I have a long (row per pt) dataset, with columns for numerous variables. I've created a for loop to run over each row and print the id of every participant that is an outlier based on their results for a specific column/variable. In the below example looking at column x, this correctly identifies Pt6 as an outlier on variable x.
dat <- data.frame(id=c("Pt1","Pt2", "Pt3","Pt4", "Pt5", "Pt6"),
x=c(1,3,3,3,5,31),
y=c(2,9,10,10.5,10.5,11),
z=c(34,34,34,35,68,36))
for (row in 1:nrow(dat)) {
variable <- dat[row, "x"]
id <- dat[row, "id"]
if((variable>(mean(dat$x, na.rm=TRUE)
+ (2*sd(dat$x, na.rm=TRUE))))
|
(variable<(mean(dat$x, na.rm=TRUE)
- (2*sd(dat$x, na.rm=TRUE))))
)
{
print(id)
}}
However, I'd like to identify all participants that are an outlier based on each column individually - in the example data, it should identify Pt6 because of their x value AND Pt1 because of their y value AND Pt5 because of their z value.
I know I'll need to nest another for loop to go over the columns, something like the below, but it only identifies Pt5 so I think it is not looking at the columns individually?
for (row in 1:nrow(dat)) {
for (col in 1:ncol(dat))
value <- dat[row, col]
id <- dat[row, "id"]
if((value>(mean(dat[[col]], na.rm=TRUE)
+ (2*sd(dat[[col]], na.rm=TRUE))))
|
(value<(mean(dat[[col]], na.rm=TRUE)
- (2*sd(dat[[col]], na.rm=TRUE))))
)
{
print(id)
}}
I'm new to forloops (obviously) - trying to get out of the bad habit of copy pasting. I've tried looking at other answers but I can't see how to apply it here / they're not in R. Any help appreciated! Open to different approaches altogether (e.g apply based ones) but would quite like to plug my gap in forloop understanding if possible. Thanks!
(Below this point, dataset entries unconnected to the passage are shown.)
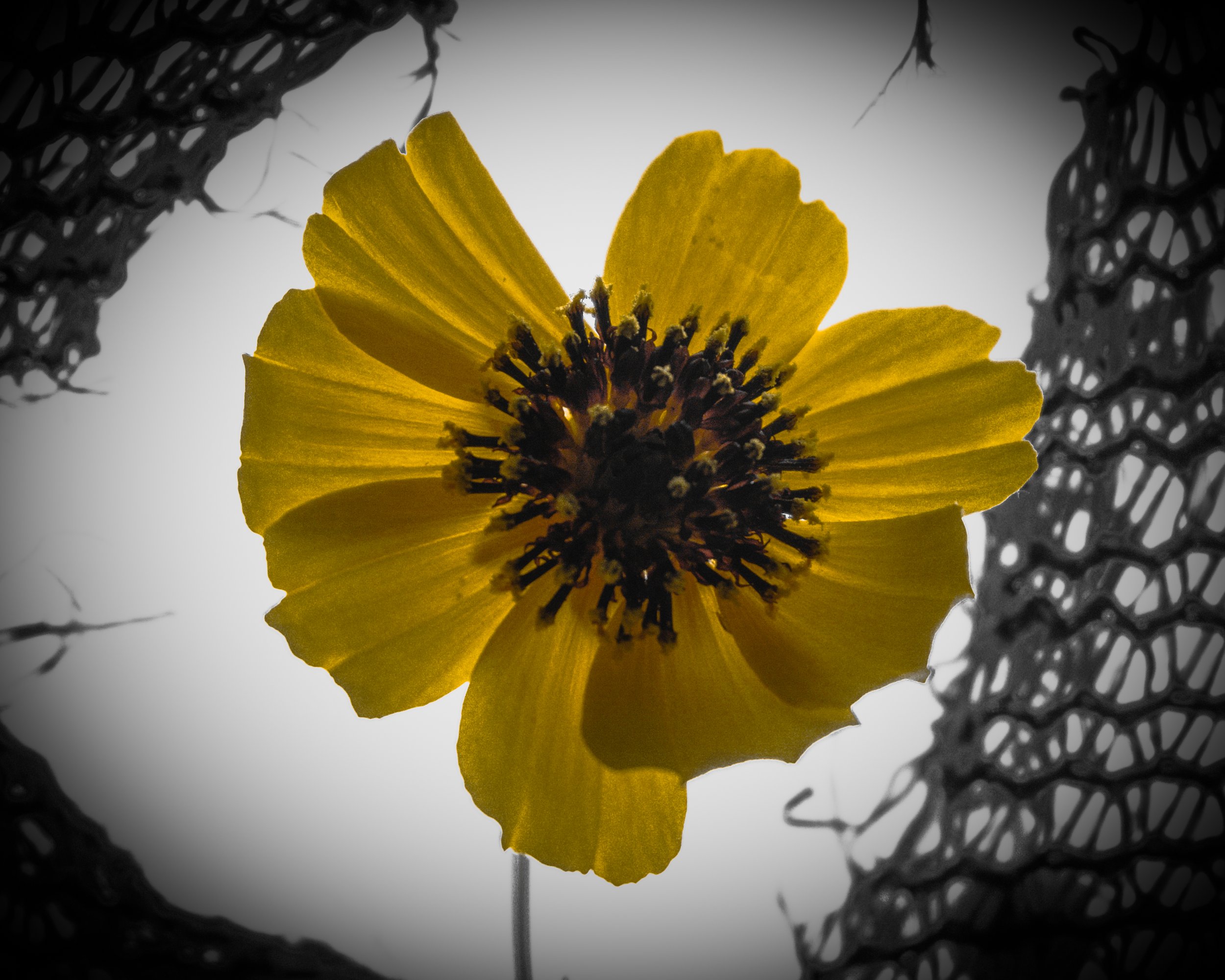 Lrc Edited-02787.JPG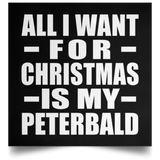 All I Want For Christmas Is My Peterbald - Poster Square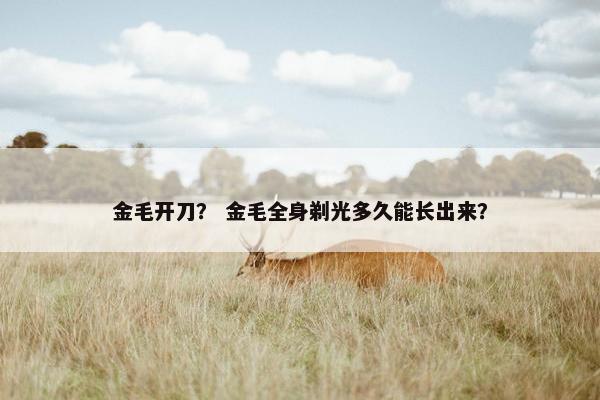金毛开刀? 金毛全身剃光多久能长出来?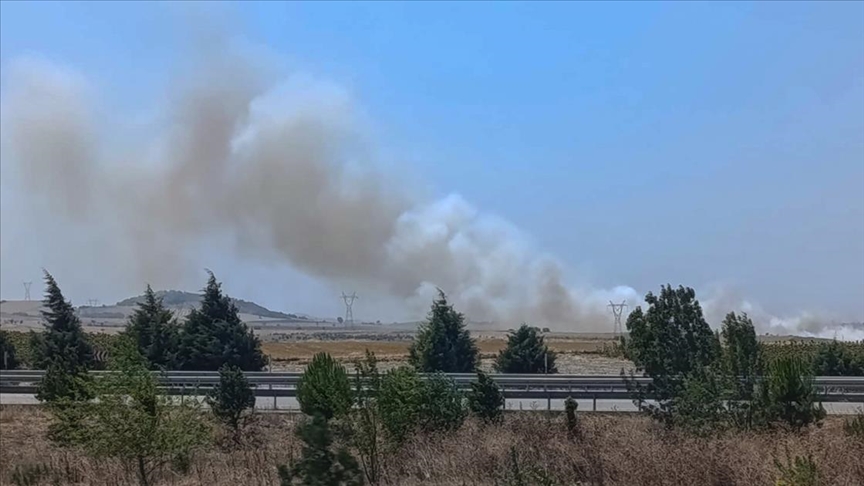 Balıkesir'in Altıeylül ilçesinde, arazide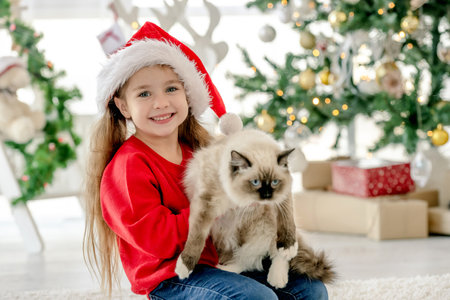 Child with ragdoll cat in Christmas timeの写真素材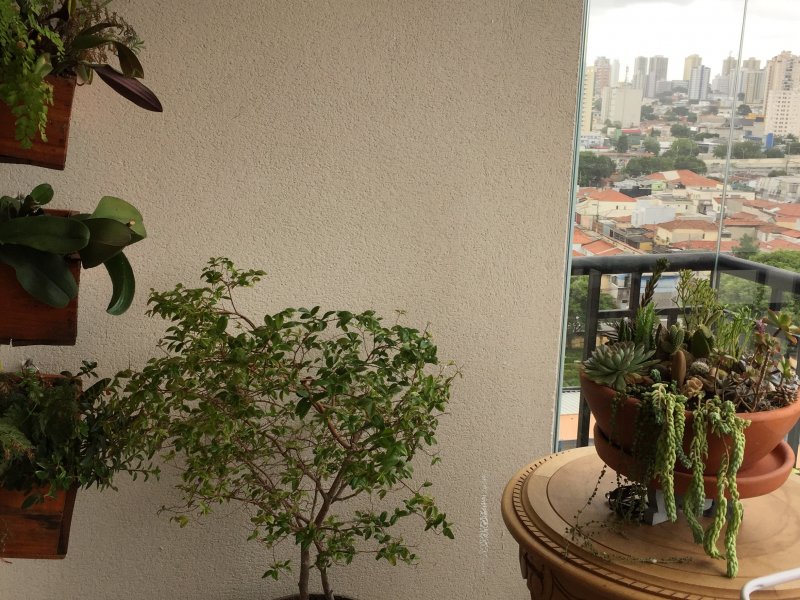 Apartamento à venda Tatuapé com 68m² e 2 quartos por R$ 495.000 - 2121304482-img-1754.JPG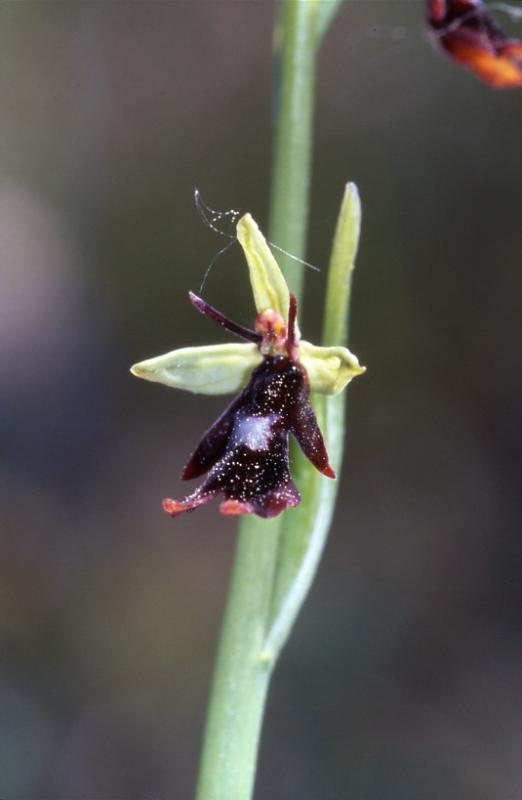 Ophrys insectifera, 21 avril 2002 Bellegarde (32)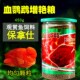 保拿仕血鹦鹉配合饲料500g 宝鱼鱼粮 血鹦鹉鱼食招财鱼红财神元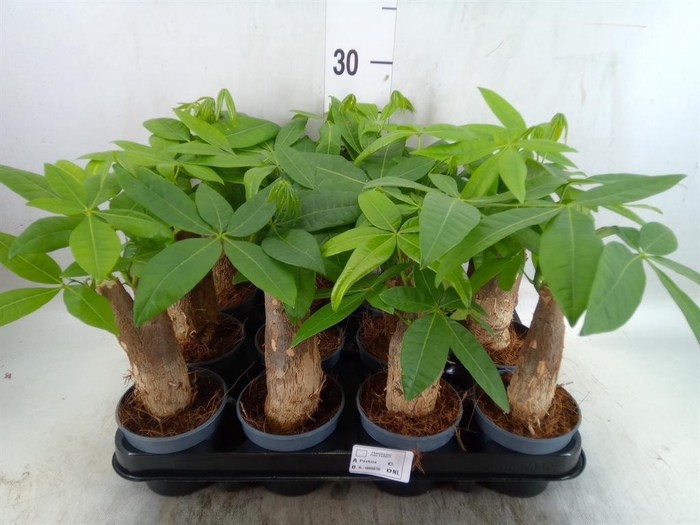 <h4>Pachira aquatica</h4>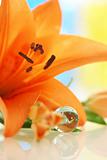 Orange lily close up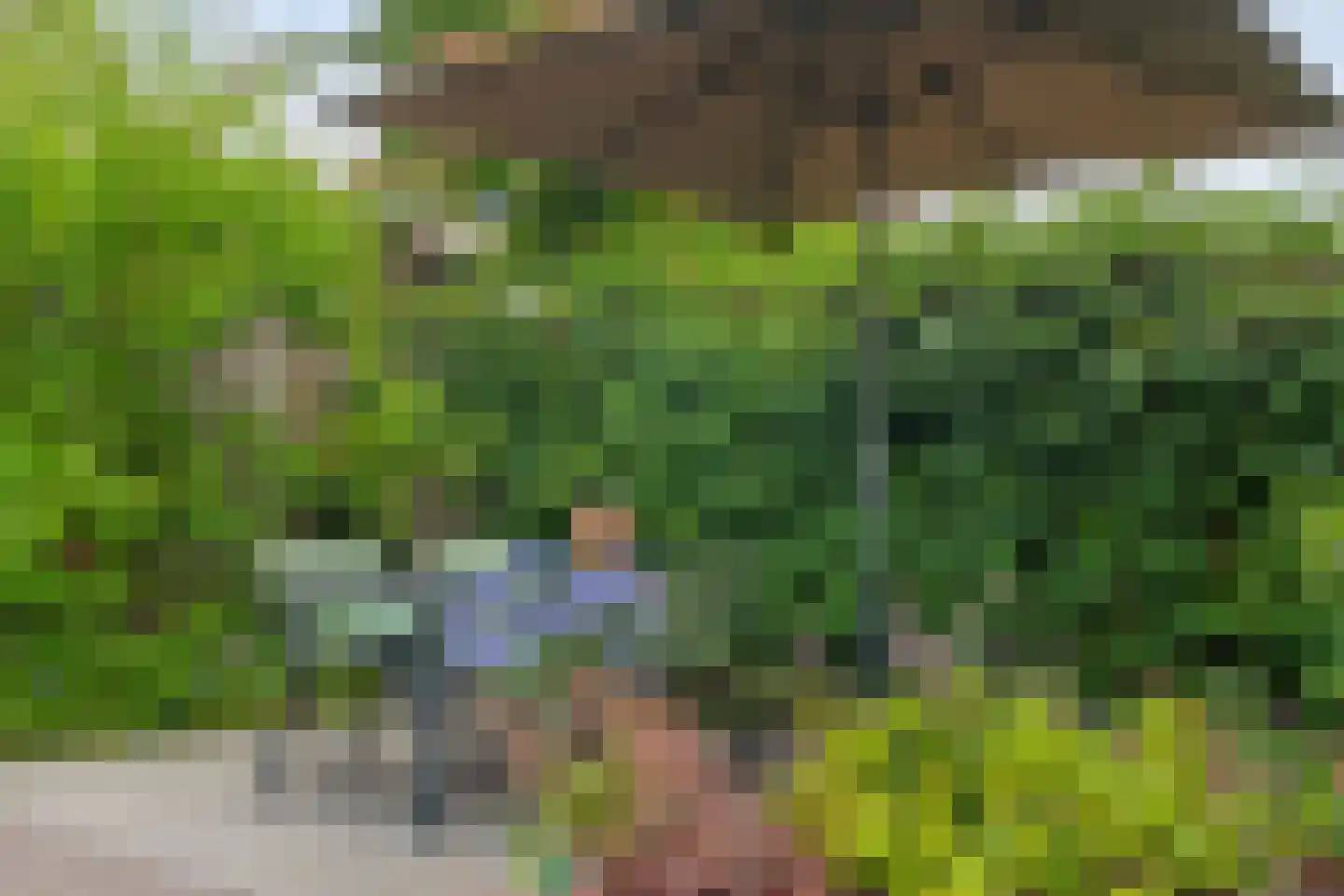 Twickel 37 Raalte thumbnail 42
Lets start by looking at your for-loops. You can optimize these quite easily, by storing your results (mean and such) in a variable, so these do not have to be recomputed. This is by far the slowest part of your loop so the boost will be significant. In your first code example this would look like this:
dat <- data.frame(id=c("Pt1","Pt2", "Pt3","Pt4", "Pt5", "Pt6"),
x=c(1,3,3,3,5,31),
y=c(2,9,10,10.5,10.5,11),
z=c(34,34,34,35,68,36))
# Pre-define variables
mu <- mean(dat$x, na.rm = TRUE)
sd2 <- 2 * sd(dat$x, na.rm = TRUE)
upper <- mu + sd2
lower <- mu - sd2
# Create storage
rows <- logical(n <- nrow(dat))
for (row in 1:n) {
variable <- dat[row, "x"]
if(variable > upper || variable < lower)
{
# Set index to true, for row being an "outlier"
rows[row] <- TRUE
}
}
# Print outlier rows
dat[rows,]
For you next loop, it would make sense to either store a matrix of "outlier indicators" or just the row/column pair, for example as a list. You are getting most of the way already. It makes sense to loop over columns in the outer loop, so you once again avoid recomputing mean and standard deviation at every iteration
# Specify columns to iterate over
cols <- names(dat)[-1]
# Storage for outliers
outliers <- list()
for(j in cols){
# Pre-define variables
mu <- mean(dat[, j], na.rm = TRUE)
sd2 <- 2 * sd(dat[, j], na.rm = TRUE)
upper <- mu + sd2
lower <- mu - sd2
# Create storage
rows <- logical(n <- nrow(dat))
for (row in 1:n) {
variable <- dat[row, j]
if(variable > upper || variable < lower)
{
# Set index to true, for row being an "outlier"
rows[row] <- TRUE
}
}
outliers[[j]] <- rows
}
# Print outliers
dat[outliers[['x']], ]
dat[outliers[['y']], ]
dat[outliers[['z']], ]
Now this is one method for doing it. But many functions in R are vectorized. So we could simplify this massively. Vectorization basically allows us to evaluate functions over vector inputs and this is also possible for logical comparison such as < <= == and so on. This allows us to remove the row iteration in this case, and simplifies the code drastically. For example the first code would be reduced to
# Only 1 column
mu <- mean(dat$x)
sd2 <- sd(dat$x) * 2
upper <- mu + sd2
lower <- mu - sd2
rows <- dat$x > upper | datx < lower
# Alternative, cheeky 1 liner:
rows <- abs(dat$x) - (mean(dat$x) + 2 * sd(dat$x)) > 0
while the latter could even be done as
outliers <- lapply(dat[, c('x', 'y', 'z')],
function(x)x[abs(x) - (mean(x) + 2 * sd(x)) > 0])
dat[outliers[['x']], ]
dat[outliers[['y']], ]
dat[outliers[['z']], ]
where I replace the for-loop with a call to lapply which will iterate over the columns in dat and apply the function specified, returning a list for each column. There is no real performance gain from replacing the for-loop, but it is easier to read for smaller calls like this.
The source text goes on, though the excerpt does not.